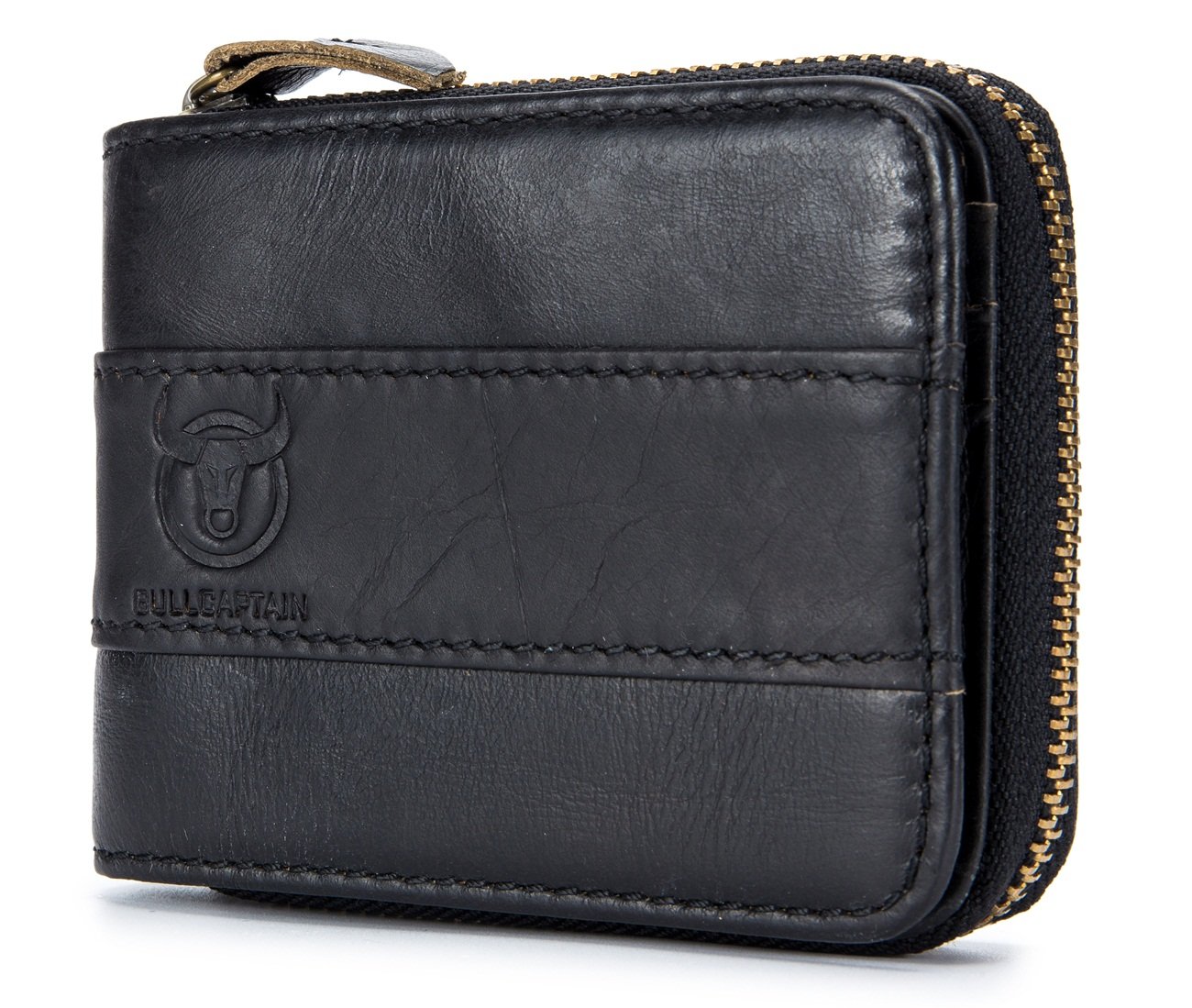BULLCAPTAIN Men’s Leather Wallet Zipper Around RFID Blocking Wallets Bifold Multi Card Holder Purse, Black, 4.72 x 3.74 x 0..99 inches, Vintage — image 1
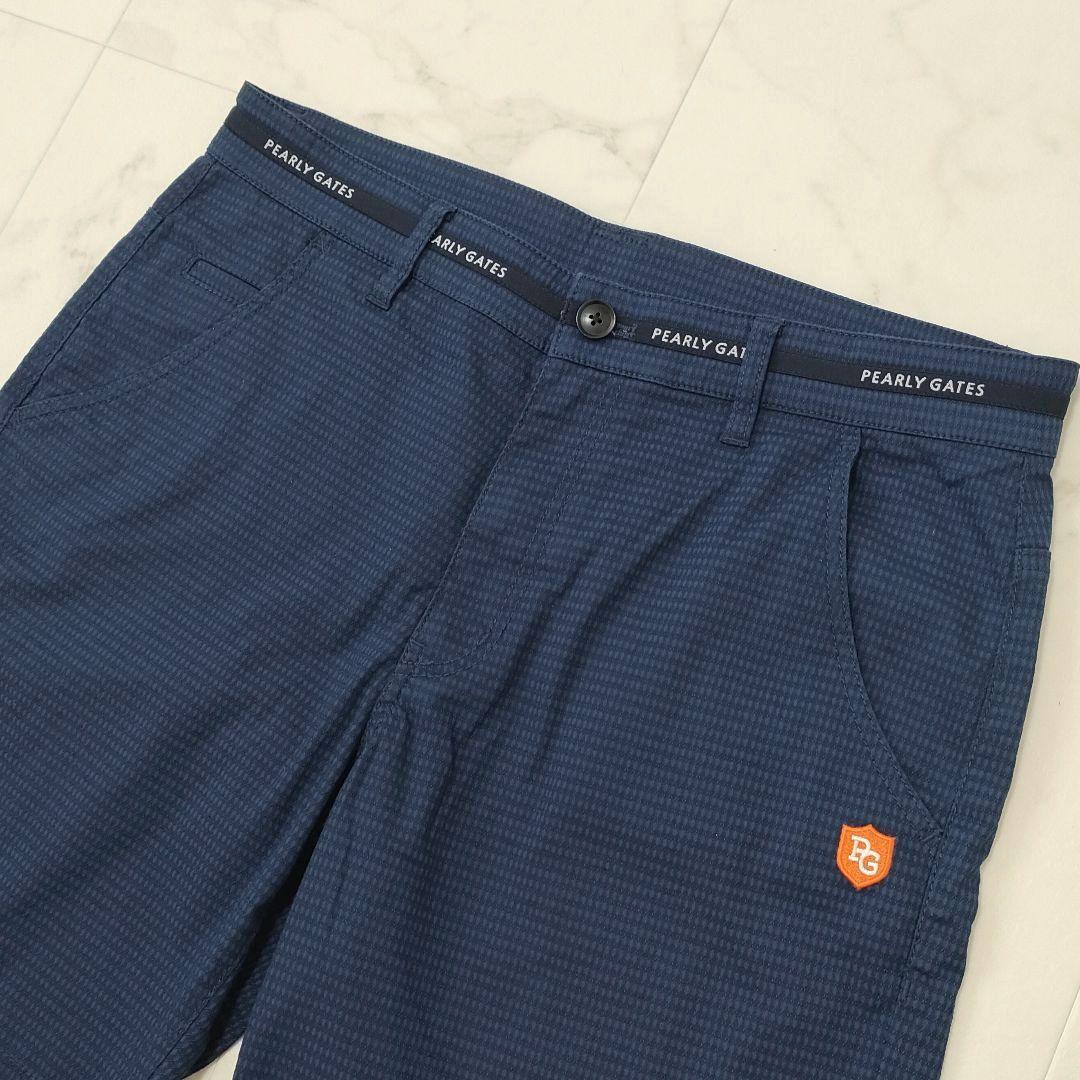 パーリーゲイツ　ハーフパンツ　ストレッチ　ロゴ　89　Dカン　ネイビー　サイズ5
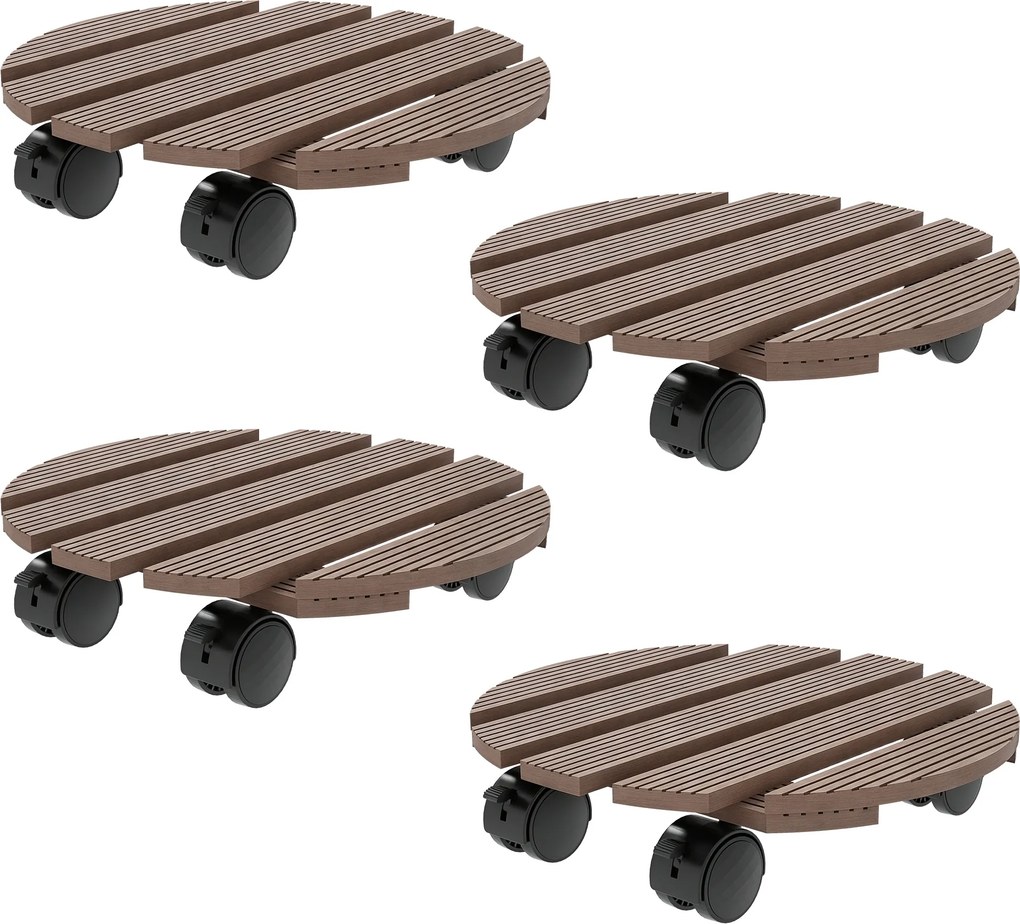Conjunto de 4 suportes redondos de Ø30 cm para plantas - suporte para plantas com rodas, para interior e exterior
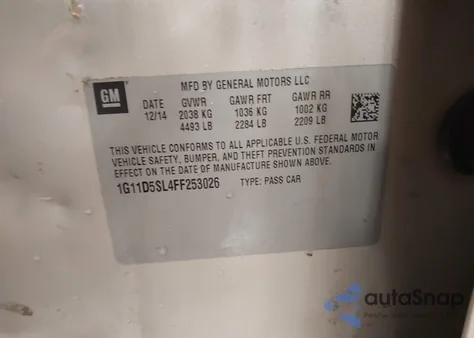 2015 Chevrolet Malibu 2Lt z USA, uszkodzony, nr VIN 1G11D5SL4FF253026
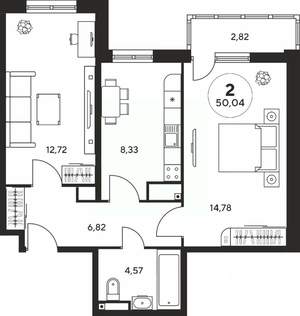 2-к квартира, вторичка, 50м2, 15/25 этаж
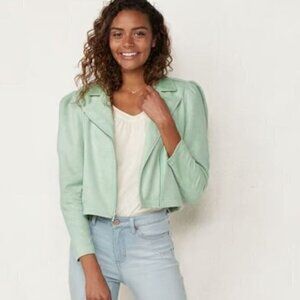 LC Lauren Conrad Moto Jacket womens size medium green zip up puff sleeve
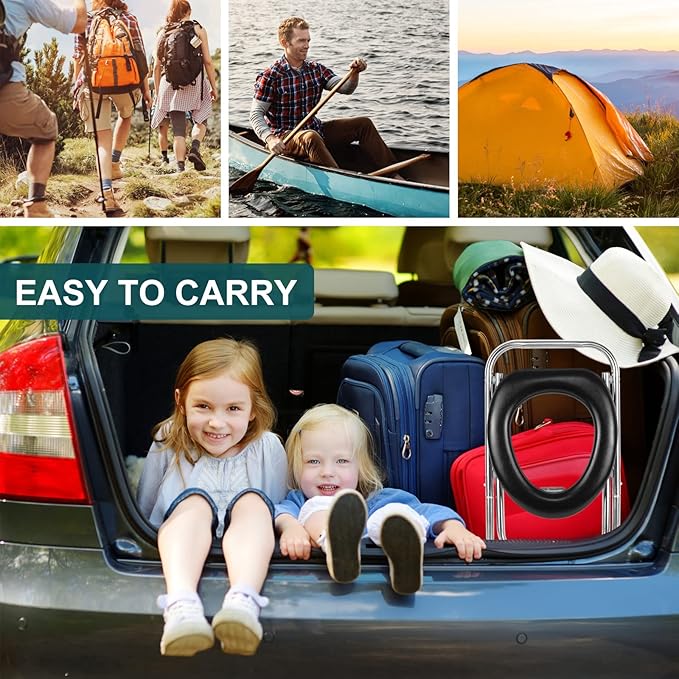 BLIKA Portable Toilet for Camping, 300LBS Weight Capacity Portable Camping Toilet, Folding Toilet with Removable Plastic Ring and Toilet Bags, Travel Toilet Car Toilet for Camping, Travel & Emergency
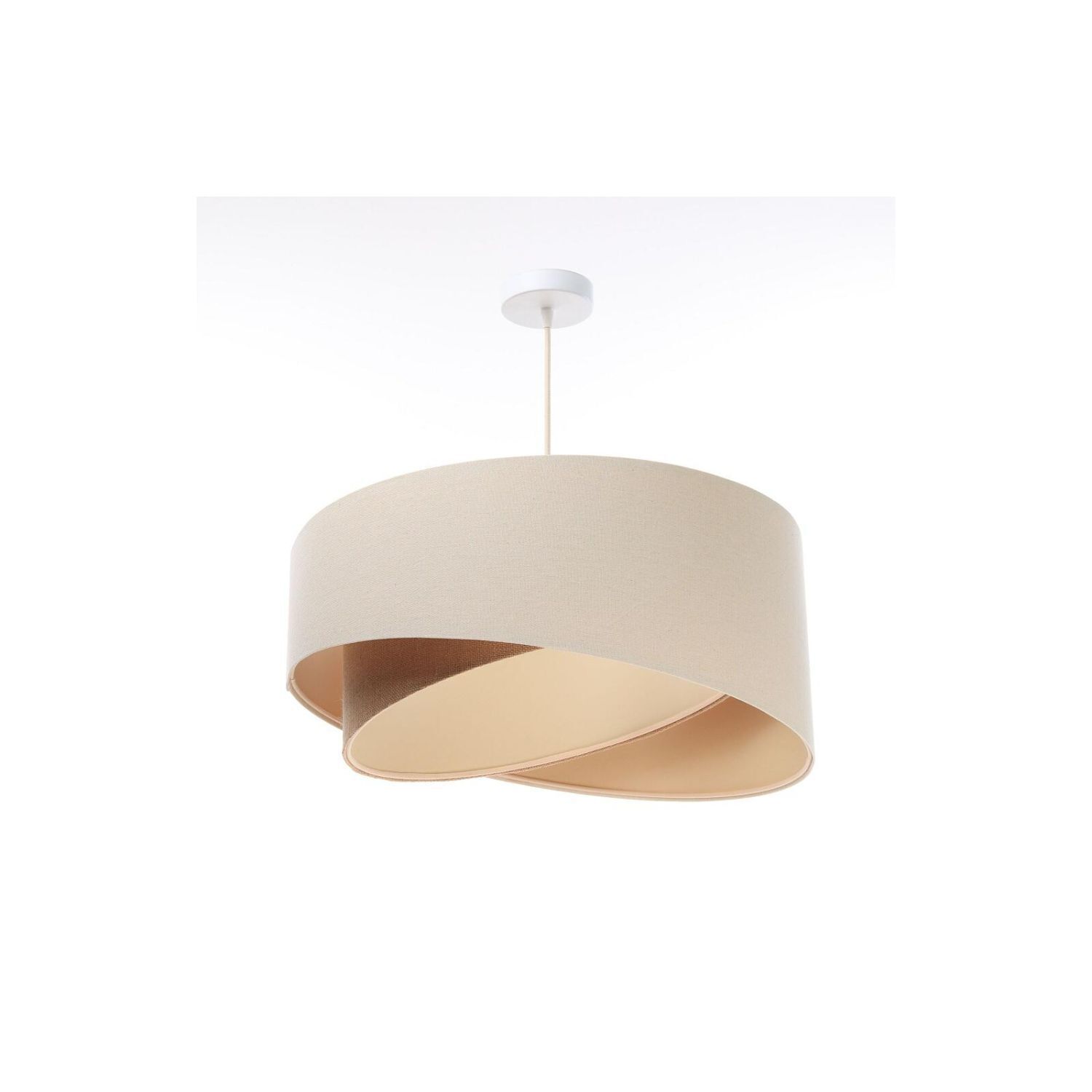 Hängelampe Leinen E27 rund Ø 50 cm Creme Beige wohnlich Lampe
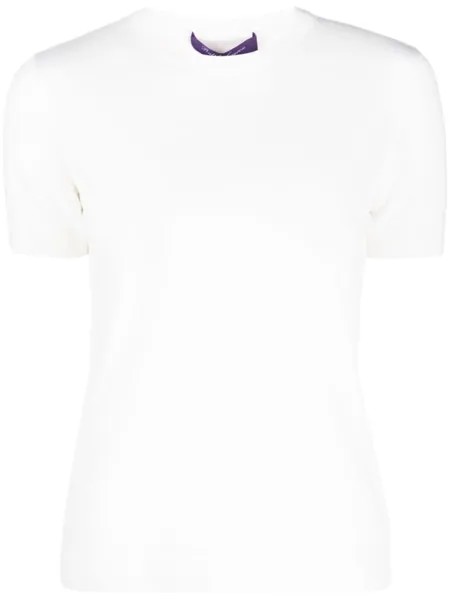 Ralph Lauren Collection кашемировый топ с короткими рукавами, нейтральный цвет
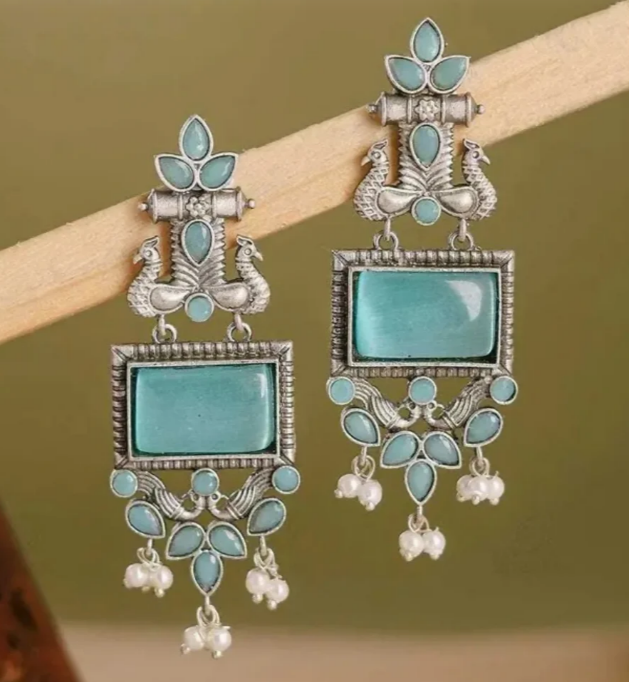 Avnee's Traditional Oxidized Silver Blue Stone Pearl Drop Earrings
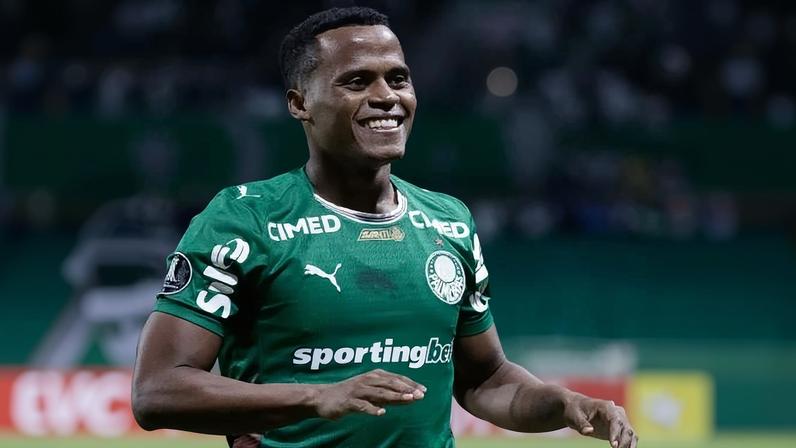 Arias, do Palmeiras, celebra gol sobre o Junior Barranquilla, na Libertadores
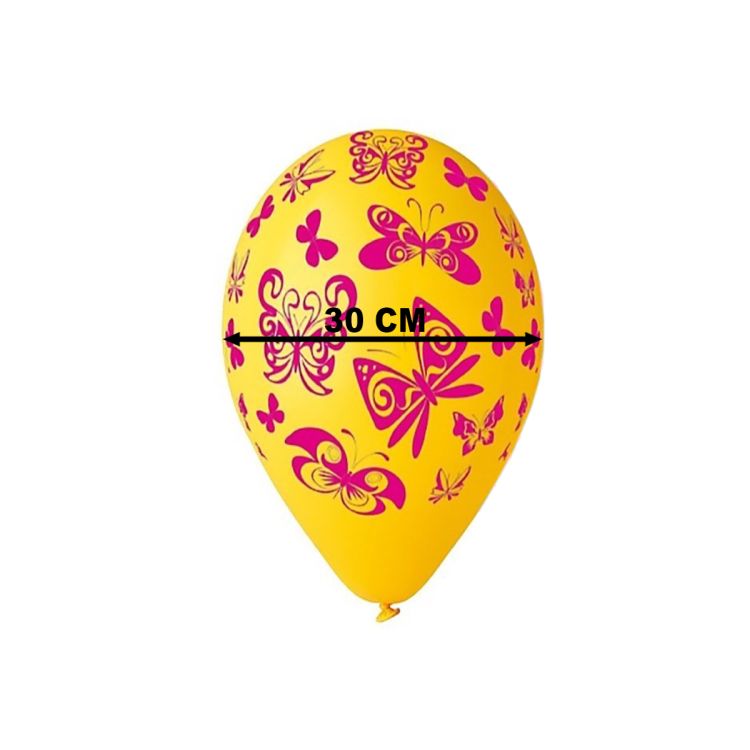 5 baloane colorate din latex cu fluturasi - 30 cm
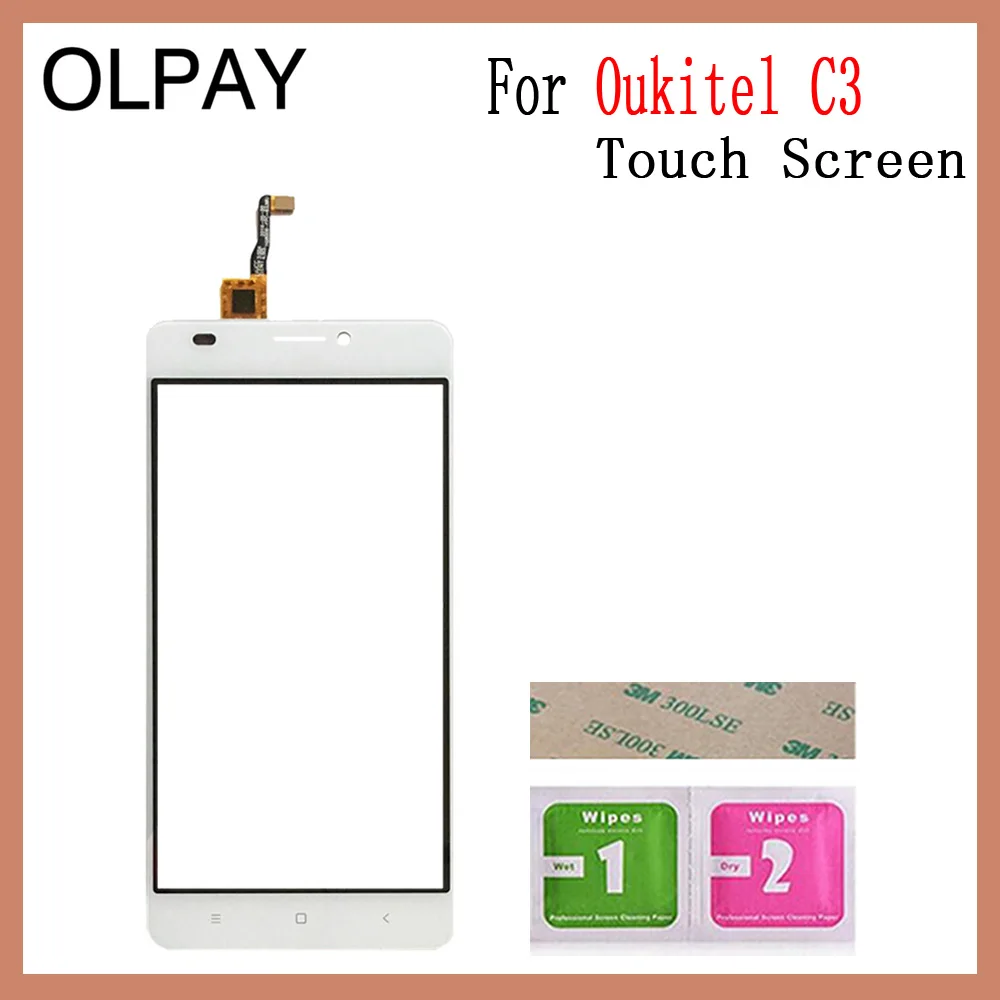 Oukitel C3 White Сенсорная панель мобильного телефона для Oukitel C3 C4 C5 C8 C9 C11 Pro Сенсорный экран дигитайзер сенсор внешняя стеклянная панель объектива - Цвет: Oukitel C3 White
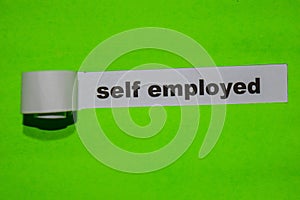 Self Employed, inspiration concept on green torn paper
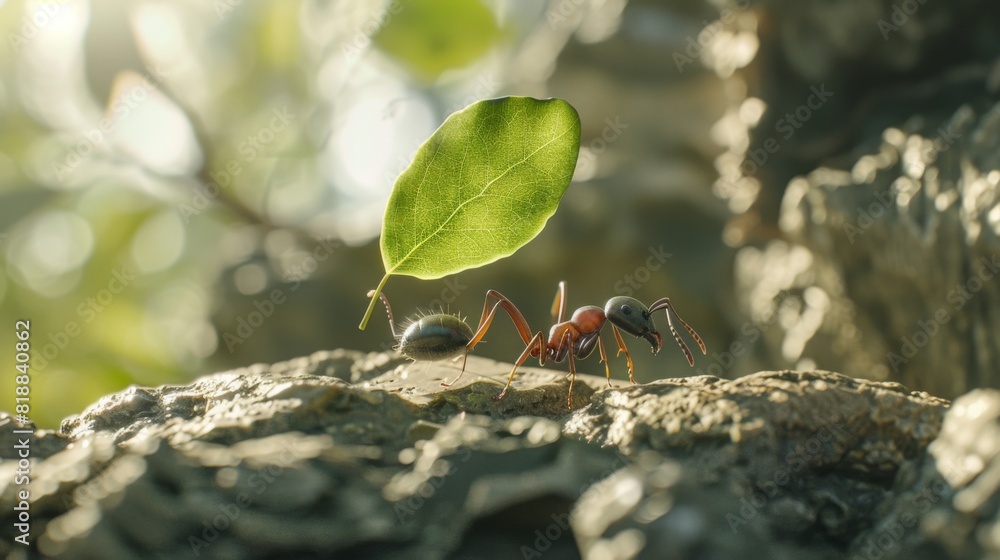 Poster close-up of a single ant carrying a leaf in a natural setting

[What you need to do]:
When you reach the line containing "Ralph Lauren Collection" in the entries above, please retype it and each line after it through the last one, exactly, without the pictures.

[Result below]:
 Ralph Lauren Collection кашемировый топ с короткими рукавами, нейтральный цвет
 Avnee's Traditional Oxidized Silver Blue Stone Pearl Drop Earrings
 Arias, do Palmeiras, celebra gol sobre o Junior Barranquilla, na Libertadores
 5 baloane colorate din latex cu fluturasi - 30 cm
 Oukitel C3 White Сенсорная панель мобильного телефона для Oukitel C3 C4 C5 C8 C9 C11 Pro Сенсорный экран дигитайзер сенсор внешняя стеклянная панель объектива - Цвет: Oukitel C3 White
 Self Employed, inspiration concept on green torn paper
 Poster close-up of a single ant carrying a leaf in a natural setting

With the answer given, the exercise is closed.